CBL & Associates Properties’ (CBL) consolidated cost was $685.6 million for fiscal 2014, down by 5.2% over 2013. This came on the back of a 14.2% rise in total cost in 2013. Depreciation and amortization comprised 42.5% of the total cost in 2014, followed by property operating expenses at 21.8% and real estate taxes at 13%. General and administrative expenses comprised 2.9% of the total cost.
Property operating expenses, which have remained flat since 2010, decreased by 0.9% in 2014 to $150 million. Real estate taxes also remained flat for the fourth year at $89 million, while maintenance and repairs expenses amounted to $55 million in 2014, compared with $56 million in the previous year. Property operating expenses, including real estate taxes and maintenance and repairs, fell in 2014 primarily due to a fall of $7.7 million from comparable properties.
Depreciation and amortization increased by 4.4% from 2013 to $291 million in 2014. The rise in depreciation and amortization expense was due to a $7.8 million rise related to comparable properties and $4.6 million attributable to new properties. General and administrative expenses rose by 2.9% to $50 million in 2014, primarily due to increases in consulting and legal fees.
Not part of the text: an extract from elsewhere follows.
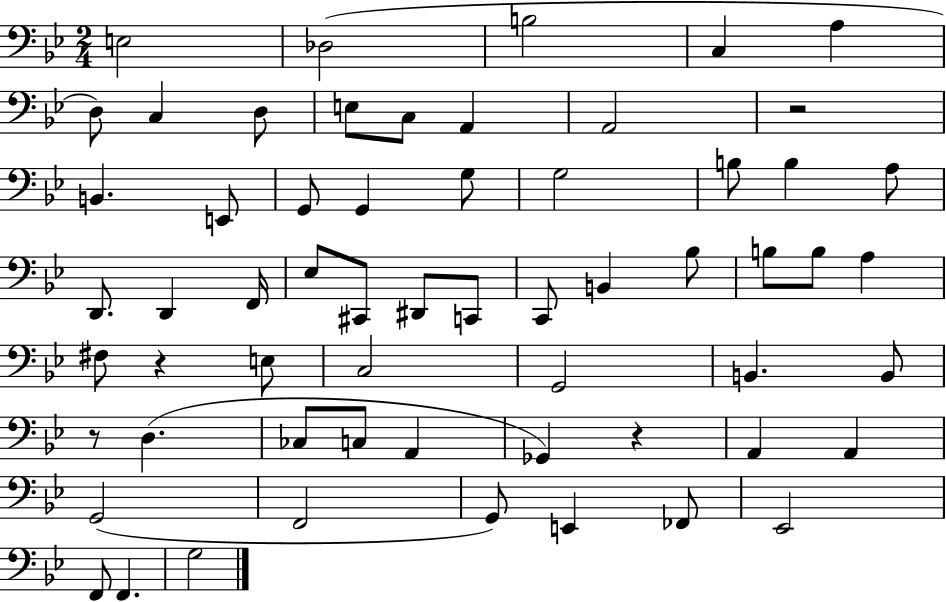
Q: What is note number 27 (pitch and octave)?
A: D#2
EBITDA margin lower than peers
CBL recorded an EBITDA (earnings before interest, tax, depreciation, and amortization) margin of 64.5% in 2014, compared with 65.2% in the previous year. In 2012, the company recorded an EBITDA margin of 66%. This was the highest EBITDA margin recorded by CBL over the last seven years. For 2015, CBL is expected to report an EBITDA margin of 67.8%.
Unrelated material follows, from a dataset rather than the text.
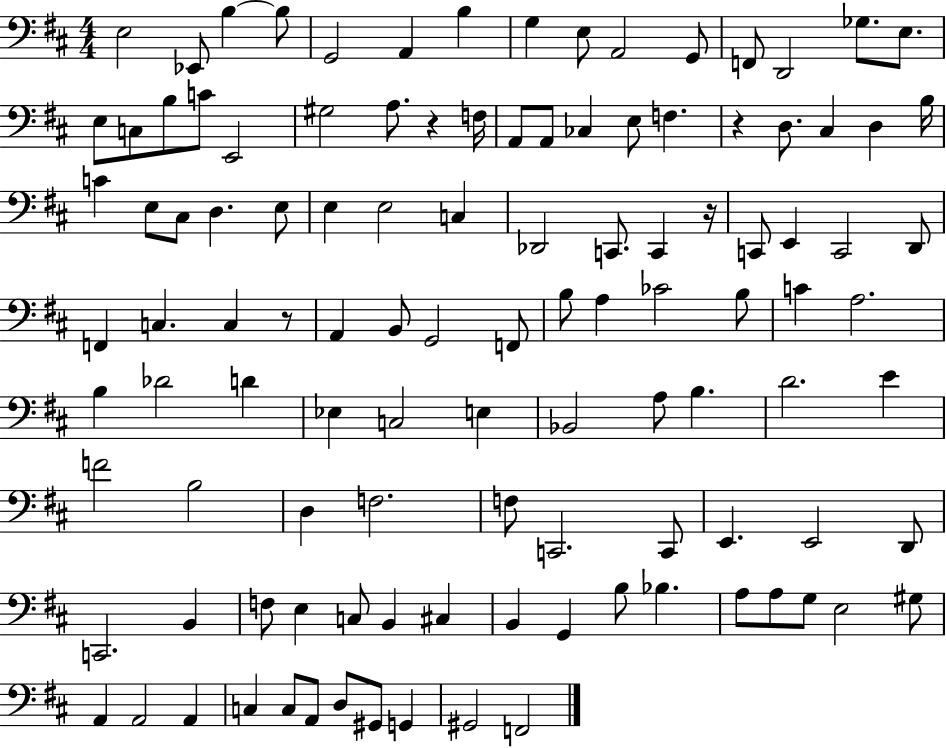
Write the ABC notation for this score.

CBL’s EBITDA margin was lower than that of close competitors such as Simon Property Group (SPG), General Growth Properties (GGP), and Macerich (MAC) with EBITDA margins of 75.2%, 67.4%, and 65.3%, respectively. On the other hand, CBL’s EBITDA margin is higher than Taubman Center’s (TCO) margin of 52.1%. CBL (CBL) forms 0.16% holdings of the iShares US Preferred Stock ETF (PFF).